Connect to Bluetooth Low Energy (Bluetooth LE or BLE) devices from QML.
The BLE protocol provides a simple and interoperable way of describing devices and services. The QML API wraps the Qt Bluetooth Low Energy implementation. This provides you with a fast and simple way to integrate IoT, wearable and custom devices to your apps and games.
Currently the following platforms are supported:
The Bluetooth LE is a client-server protocol. Peripherals behave as servers, providing services such as Heart Rate monitors. Servers advertise themselves and control connection using the Bluetooth LE GAP protocol. Clients consume the services and are also known as central devices. Some devices can advertise but will not accept connections.
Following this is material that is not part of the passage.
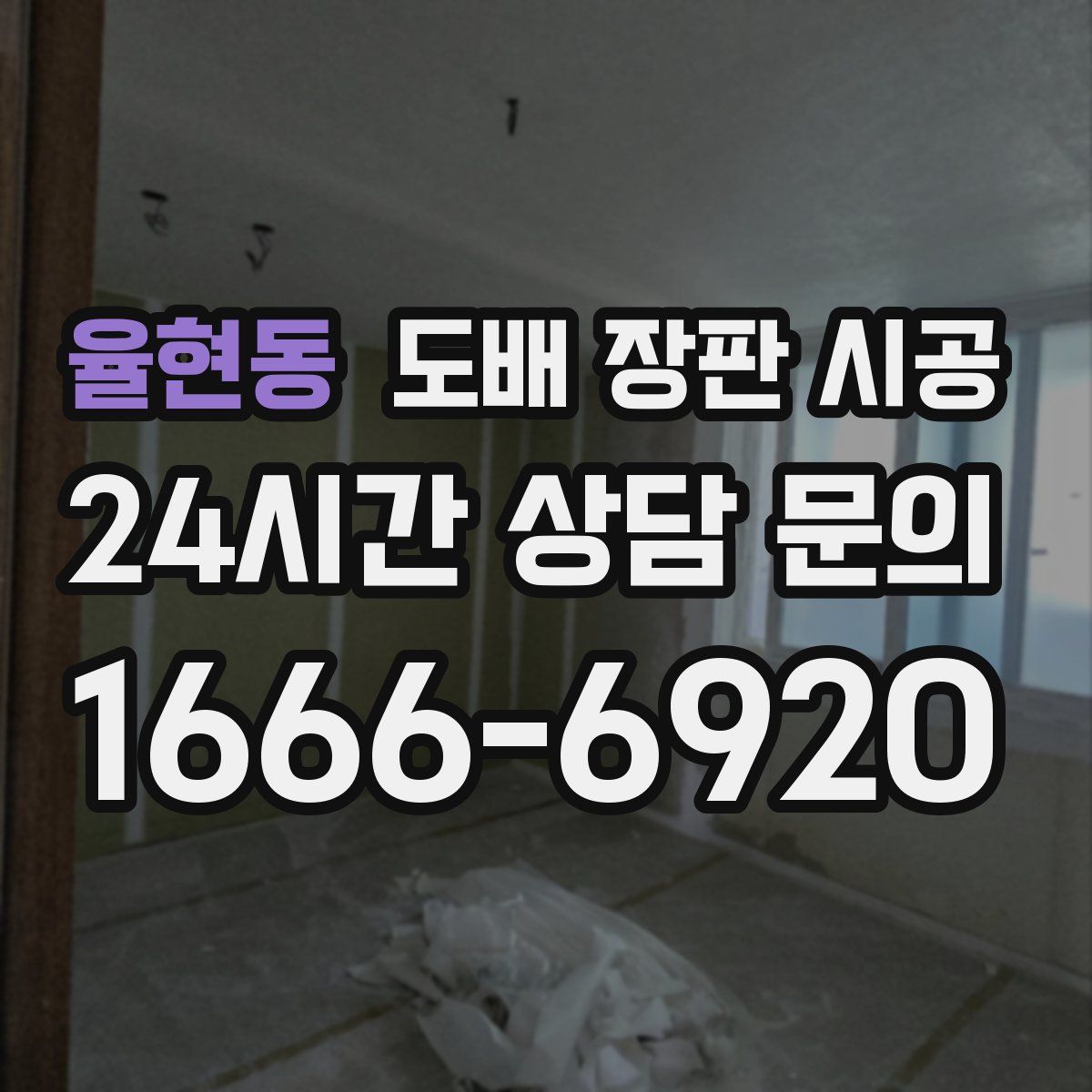 율현동 도배 장판 시공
One such example are beacons, providing unidirectional data broadcast.
We will refer to the Generic Attribute Profile (GATT) provided on top of the Attribute Protocol (ATT) as “Bluetooth LE”. Even though there are multiple protocols and profiles defined in the Bluetooth 4.0+ specifications, the former is the most commonly used for wearables and custom devices.
Bluetooth LE services group one or more input and output logical nodes, called Characteristics. Services are identified by a single 128bit unique identifier UUID. Short 16 bit identifier versions are used for standard services. Custom services must use full size 128 bit identifiers. Devices usually also provide a name string for the service.
Are the actual logical input and output nodes. Like services a 128 bits unique identifier is used, and 16 bit short versions are provided for official definitions. Data can be read, write or both as well as notified for changes from the server. Characteristics enclose descriptors that contain metadata about the characteristic and it’s value as well as properties that carry information about read and write permissions, enable notifications, among other usages.
Binary data is used as a characteristic value. It is up to the peripheral or central to make sense of the data transferred, and must know the format, size and order beforehand. The characteristic presentation format descriptor might be provided by the server to help the central parse and format the binary data.
Predefined services are provided by the Bluetooth SIG as XML representations that depict standard use cases with the corresponding configurations for services, characteristics and descriptors.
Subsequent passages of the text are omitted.